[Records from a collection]
________________________________________
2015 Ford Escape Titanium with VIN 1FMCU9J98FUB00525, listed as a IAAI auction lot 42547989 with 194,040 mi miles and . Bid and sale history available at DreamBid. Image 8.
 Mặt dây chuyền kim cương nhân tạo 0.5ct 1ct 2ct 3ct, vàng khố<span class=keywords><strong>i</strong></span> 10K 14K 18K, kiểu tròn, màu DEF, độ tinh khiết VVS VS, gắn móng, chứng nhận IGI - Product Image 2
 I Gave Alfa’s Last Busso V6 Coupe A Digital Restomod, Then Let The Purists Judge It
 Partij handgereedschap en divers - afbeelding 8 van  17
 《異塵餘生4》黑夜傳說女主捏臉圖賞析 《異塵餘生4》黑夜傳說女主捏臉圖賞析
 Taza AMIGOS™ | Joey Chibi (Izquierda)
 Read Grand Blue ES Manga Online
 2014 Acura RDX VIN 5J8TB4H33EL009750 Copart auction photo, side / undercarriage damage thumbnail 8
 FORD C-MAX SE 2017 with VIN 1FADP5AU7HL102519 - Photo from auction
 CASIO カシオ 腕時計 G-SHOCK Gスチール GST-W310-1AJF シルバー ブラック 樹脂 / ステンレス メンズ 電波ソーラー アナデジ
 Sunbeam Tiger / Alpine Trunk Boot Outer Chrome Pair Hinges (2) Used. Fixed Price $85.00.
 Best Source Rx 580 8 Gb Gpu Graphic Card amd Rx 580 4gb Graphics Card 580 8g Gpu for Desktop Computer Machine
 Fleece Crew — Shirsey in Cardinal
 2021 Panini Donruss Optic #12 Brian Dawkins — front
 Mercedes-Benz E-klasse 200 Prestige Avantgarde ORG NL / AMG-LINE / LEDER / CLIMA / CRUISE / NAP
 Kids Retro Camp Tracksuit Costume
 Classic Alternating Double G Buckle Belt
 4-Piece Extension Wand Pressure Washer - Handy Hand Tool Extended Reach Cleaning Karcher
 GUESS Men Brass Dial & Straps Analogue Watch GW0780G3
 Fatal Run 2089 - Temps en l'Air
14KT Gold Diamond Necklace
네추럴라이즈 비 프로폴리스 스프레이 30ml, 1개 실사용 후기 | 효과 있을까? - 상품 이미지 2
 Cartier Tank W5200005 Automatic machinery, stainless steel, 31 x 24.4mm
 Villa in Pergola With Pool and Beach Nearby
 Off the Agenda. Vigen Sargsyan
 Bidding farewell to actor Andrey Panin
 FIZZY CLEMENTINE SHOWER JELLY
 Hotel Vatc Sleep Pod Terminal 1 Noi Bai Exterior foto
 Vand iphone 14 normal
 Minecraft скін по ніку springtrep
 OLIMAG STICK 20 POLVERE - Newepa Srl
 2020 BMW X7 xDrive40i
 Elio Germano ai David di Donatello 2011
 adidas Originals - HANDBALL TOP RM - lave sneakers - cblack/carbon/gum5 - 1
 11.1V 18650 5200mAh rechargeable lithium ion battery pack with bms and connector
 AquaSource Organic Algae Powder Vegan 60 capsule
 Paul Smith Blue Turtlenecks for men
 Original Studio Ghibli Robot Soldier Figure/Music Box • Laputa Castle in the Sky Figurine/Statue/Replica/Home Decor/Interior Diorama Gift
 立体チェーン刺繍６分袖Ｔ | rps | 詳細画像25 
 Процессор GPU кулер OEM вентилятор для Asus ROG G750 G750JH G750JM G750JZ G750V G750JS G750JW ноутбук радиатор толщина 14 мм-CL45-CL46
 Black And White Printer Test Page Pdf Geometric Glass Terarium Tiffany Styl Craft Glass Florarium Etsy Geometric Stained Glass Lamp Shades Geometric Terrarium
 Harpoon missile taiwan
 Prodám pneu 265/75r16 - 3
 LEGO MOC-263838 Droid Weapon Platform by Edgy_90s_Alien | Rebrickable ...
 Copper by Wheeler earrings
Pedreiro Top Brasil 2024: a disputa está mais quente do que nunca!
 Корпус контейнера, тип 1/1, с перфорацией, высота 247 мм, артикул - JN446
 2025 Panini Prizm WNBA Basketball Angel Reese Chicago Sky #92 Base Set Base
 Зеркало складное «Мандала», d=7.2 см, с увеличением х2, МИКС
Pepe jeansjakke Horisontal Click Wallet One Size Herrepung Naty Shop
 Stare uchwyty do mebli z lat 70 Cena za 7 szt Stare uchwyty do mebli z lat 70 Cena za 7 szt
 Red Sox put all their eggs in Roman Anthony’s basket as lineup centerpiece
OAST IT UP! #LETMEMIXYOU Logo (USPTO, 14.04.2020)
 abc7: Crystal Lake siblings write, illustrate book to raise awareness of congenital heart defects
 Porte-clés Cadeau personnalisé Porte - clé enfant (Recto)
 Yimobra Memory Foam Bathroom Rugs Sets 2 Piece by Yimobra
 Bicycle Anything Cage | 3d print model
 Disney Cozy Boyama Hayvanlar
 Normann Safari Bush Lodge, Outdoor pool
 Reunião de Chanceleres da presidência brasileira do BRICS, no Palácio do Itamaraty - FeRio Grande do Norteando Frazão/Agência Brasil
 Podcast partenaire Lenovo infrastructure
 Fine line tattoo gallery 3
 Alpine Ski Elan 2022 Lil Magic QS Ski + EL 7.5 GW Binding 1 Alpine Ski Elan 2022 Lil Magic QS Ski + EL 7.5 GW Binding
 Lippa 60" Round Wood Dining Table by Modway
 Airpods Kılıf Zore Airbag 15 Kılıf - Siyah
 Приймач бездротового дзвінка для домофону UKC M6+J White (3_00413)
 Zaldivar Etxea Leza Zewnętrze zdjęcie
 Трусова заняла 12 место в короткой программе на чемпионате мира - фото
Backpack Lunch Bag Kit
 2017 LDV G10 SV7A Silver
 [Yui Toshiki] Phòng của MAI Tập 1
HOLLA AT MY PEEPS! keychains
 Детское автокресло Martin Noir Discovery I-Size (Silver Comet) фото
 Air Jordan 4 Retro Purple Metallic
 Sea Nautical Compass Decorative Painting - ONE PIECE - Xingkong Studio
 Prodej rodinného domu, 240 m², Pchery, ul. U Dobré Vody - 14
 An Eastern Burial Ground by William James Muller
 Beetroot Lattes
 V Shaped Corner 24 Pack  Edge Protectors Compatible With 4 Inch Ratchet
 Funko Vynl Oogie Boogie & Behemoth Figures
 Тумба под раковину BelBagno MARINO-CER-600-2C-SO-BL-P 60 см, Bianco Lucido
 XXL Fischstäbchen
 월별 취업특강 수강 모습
________________________________________
# Activity
Look above for the line with "Partij handgereedschap en" and the line with "Classic Alternating Double G Buckle Belt", and reproduce exactly those two lines plus every line between, nothing more.

# Response for this exercise
 Partij handgereedschap en divers - afbeelding 8 van  17
 《異塵餘生4》黑夜傳說女主捏臉圖賞析 《異塵餘生4》黑夜傳說女主捏臉圖賞析
 Taza AMIGOS™ | Joey Chibi (Izquierda)
 Read Grand Blue ES Manga Online
 2014 Acura RDX VIN 5J8TB4H33EL009750 Copart auction photo, side / undercarriage damage thumbnail 8
 FORD C-MAX SE 2017 with VIN 1FADP5AU7HL102519 - Photo from auction
 CASIO カシオ 腕時計 G-SHOCK Gスチール GST-W310-1AJF シルバー ブラック 樹脂 / ステンレス メンズ 電波ソーラー アナデジ
 Sunbeam Tiger / Alpine Trunk Boot Outer Chrome Pair Hinges (2) Used. Fixed Price $85.00.
 Best Source Rx 580 8 Gb Gpu Graphic Card amd Rx 580 4gb Graphics Card 580 8g Gpu for Desktop Computer Machine
 Fleece Crew — Shirsey in Cardinal
 2021 Panini Donruss Optic #12 Brian Dawkins — front
 Mercedes-Benz E-klasse 200 Prestige Avantgarde ORG NL / AMG-LINE / LEDER / CLIMA / CRUISE / NAP
 Kids Retro Camp Tracksuit Costume
 Classic Alternating Double G Buckle Belt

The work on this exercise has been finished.